I want to average the trials that are included only in ownership. so the new column should be like:

?

?

18

2

5

11

 

and then average 18, 2, 5, 11.  Not any other of the standalone trials.

Thats why I think the method you propose is not working. 

I am 100% sure this can happen with the Regex node.

I would be great someone to tell me how to split it as it look below:

Split1                Split2       Split3       Split4

Ownership        128              trial              18

Hi,

Indeed I missed out on the combinatory condition, sorry! I would use the Pivot node then, with Group column(s) identical to the GroupBy node, hal_type as Pivot column and Counts on another avaialble field as per my original proposal. You can filter the result for non-missing ownership, drop all columns but the trial one, and join the final result back into the original table or GroupBy result if so required.

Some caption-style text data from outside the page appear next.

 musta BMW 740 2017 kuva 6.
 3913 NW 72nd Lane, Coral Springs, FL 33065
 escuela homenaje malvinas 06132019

Or maybe the pivot format is already convenient - it's not quite what you define as "great format" above yet, but you can get it there with some additional KNIME magic. :-)

Cheers
E

Many thanks Ergonomist.

I did what you mentioned with the pivot node, it works partially, I can get the ownership and trial pivoted by the purchase. Although, I am getting the message "skipped groups: "ownership, trial" because "group contains too many unique values

Therefore, I think the Regex would work ideally for me in this case.

If anybody knows how to write the Regex in order to do the following split please let me know.

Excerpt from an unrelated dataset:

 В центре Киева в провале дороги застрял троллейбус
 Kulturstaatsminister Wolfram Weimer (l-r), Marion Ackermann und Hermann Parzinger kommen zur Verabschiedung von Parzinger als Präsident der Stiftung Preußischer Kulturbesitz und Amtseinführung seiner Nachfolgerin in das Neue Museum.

Split1                Split2       Split3       Split4

Ownership        128              trial              18

 

The difficulty in this problem is that ownership or trial are not having standard position. Sometimes one is first, sometimes the other second etc. see below:

 

I wrote on Regex this: .*?(\d{1,}).* and it gives me only the number that comes first. How can I standardise it give me only the number that is in brackets of ownership?

SOLVED

I manage to solve it in an extreme long way. So, what I did is:

1) two "cell split" nodes, enter a delimiter: ownership, enter a delimiter: trial

2) I ended up with 4 columns as seen below.

 

the 3nd column is all my ownership ...so need to be cleaned. I took a "string manipulation" and run  remove chars for ) , (

my 1st and 4th column is the trial separated. I run string manipulation and removechars ) , ( trial

3) run a column combiner node for 1st and 4th column

4) removechars ","),"?") egain for the new combined column

5)Transformed to integer with string manipulation toInt($my new column$)

and Voila! it is solved.

If someone has a faster easier way, with Regex please let me know.

 

Good job! :)

If you were ever to further pursue the "Pivot" approach, you could define the "maximum unique values per group" at the bottom of the pivot node config screen. No promises about what's more efficient and/or elegant at the end of the day though, that may well depend on tastes, datasets and evolving needs over time.

-E

All,

 

I ran into a similar problem with the Groupby node using "Unique concatinate with count". It appears that the concatinate part generates a list in an order according to the first encountered element. In this particular example "trail" and "ownership" must have appeared in different orders for the unique groups. To fix this, I put in a "Sorter" node. Now the data come always in the same sequence [ie: trial(100), ownership(50)]. If you follow this with the column splitter using "ownership(" as the delimiter, then you get two columns:  [trail(100),] and [50)]. Follow this up with a few string manipulation nodes to remove the unwanted text and you're done.